Mientras el descanso no se acumula, la deuda de sueño sí es acumulativa. Eso, a largo plazo, termina pasando factura en la salud, el humor y hasta en la forma de ser de los niños, y también de los padres que tampoco logran descansar. El sueño se divide en cantidad de horas y calidad del descanso. Si el sueño se fragmenta mucho, entonces la calidad del descanso se ve comprometida.

Finalmente, Jinchuk vuelve sobre un tema que los padres conocen bien, pero a veces es difícil de aplicar: los límites. Hay que priorizar el descanso de los niños y poner límites no solo a sus hijos, sino a sí mismos y al entorno más cercano, porque en una casa sin límites es muy difícil establecer una rutina.

15 consejos útiles de Volver a Dormir

· Horarios: son mucho más importantes de lo que puedas imaginar.

· El sueño debe ser en un lugar tranquilo y no en movimiento. El movimiento no permite alcanzar el sueño reparador.

· El ambiente de sueño óptimo es oscuro, cómodo y seguro.

· El niño se va a dormir relajado con rutinas que le dan seguridad y tranquilidad.

· Los bebés se distraen fácilmente, saquémosles estímulos para ayudar a conciliar el sueño.

· La hora de dormir es entre las 18 y 21 horas (depende de la edad del niño y de sus características personales y familiares, pero suele estar en ese rango para niños de más de 4 meses)

· Los primeros días de un recién nacido son para establecer una buena lactancia noche y día, todavía no hay que fijarse en horarios ni rutinas.

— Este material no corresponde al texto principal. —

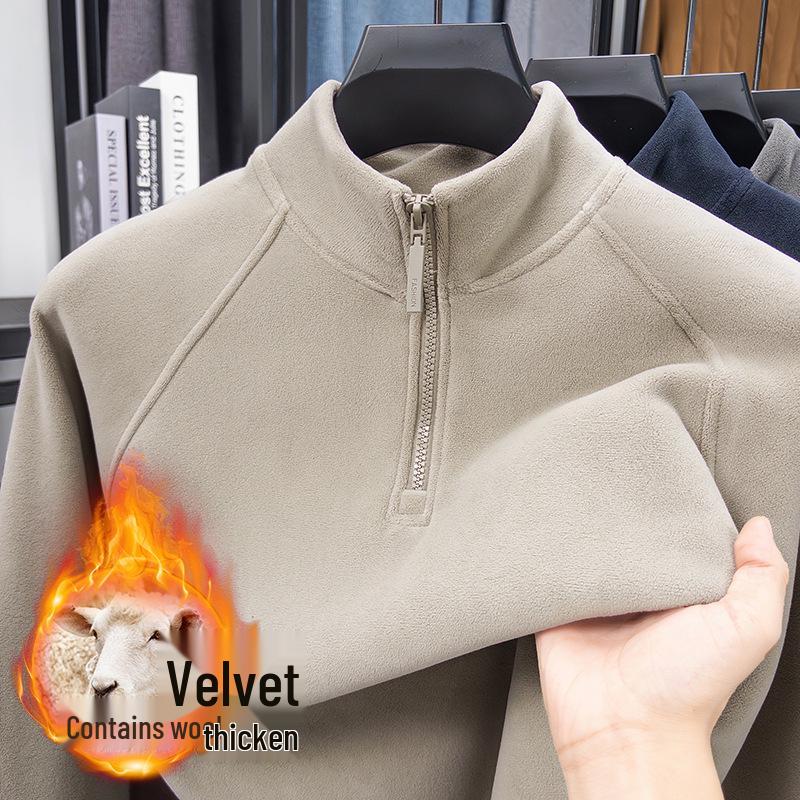Men s Winter Coral Fleece Half-Zip Sweatshirt: Thick, Warm, Double-Sided Casual Base Layer 3XL хаки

· El sueño diurno es tan importante como el nocturno. Un recién nacido no debería pasar más de una hora de corrido despierto durante el día, dormir mucho durante el día lo va a ayudar a descansar mejor de noche.

· Los recién nacidos pueden pasar entre 14 y 20 horas durmiendo.

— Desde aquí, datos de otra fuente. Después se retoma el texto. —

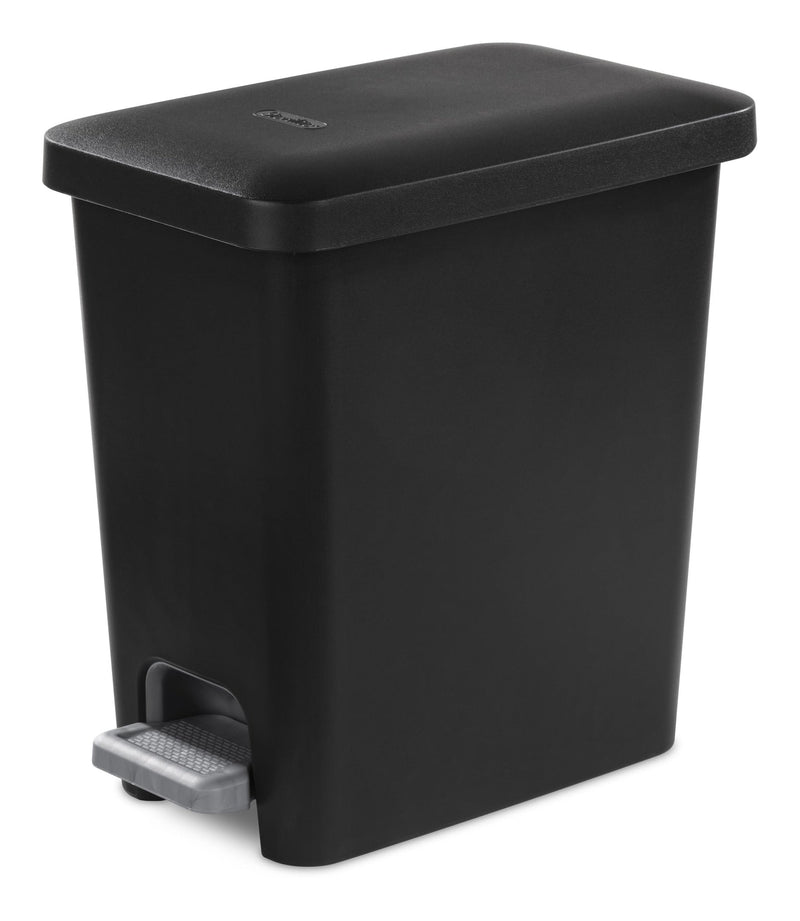 Ultra Plastic Rectangular Step Garbage Can, Black, 10.2-L F9934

· Sueño seguro: en una superficie firme, sin almohadas, bumpers, peluches o frazadas, dormidos sobre su espalda (boca arriba). Nunca quedarse dormido con el bebé en brazos.

· Elabora un plan: si tu bebé tiene más de 5 meses ya tiene la capacidad de hacer todos los días las mismas cosas a la misma hora. El plan debe contemplar horarios, rutinas, siestas, ambiente de sueño, muletillas de sueño y forma de dormir.

· La duración de la siesta de un bebé de hasta cuatro meses inclusive es de entre 20 y 120 minutos. En cambio, en niños de más de cuatro meses las siestas duran mínimo 50/60 minutos.

· La temperatura ideal en el dormitorio es de entre 20 y 22 grados. Para saber si tiene frío tocarle la carita o la nuca; las manos siempre estén más frías que el resto de su cuerpo.

· En niños de más de cinco meses la mini siesta (esa en que el bebé queda dormido justo antes de su hora de siesta habitual) es el principal enemigo de las siestas consolidadas. Esos pocos minutos de sueño son suficientes para que ya no quiera dormir más luego, pero no son suficientes para que se considere un sueño reparador.

· Si se despierta llorando le faltó dormir más.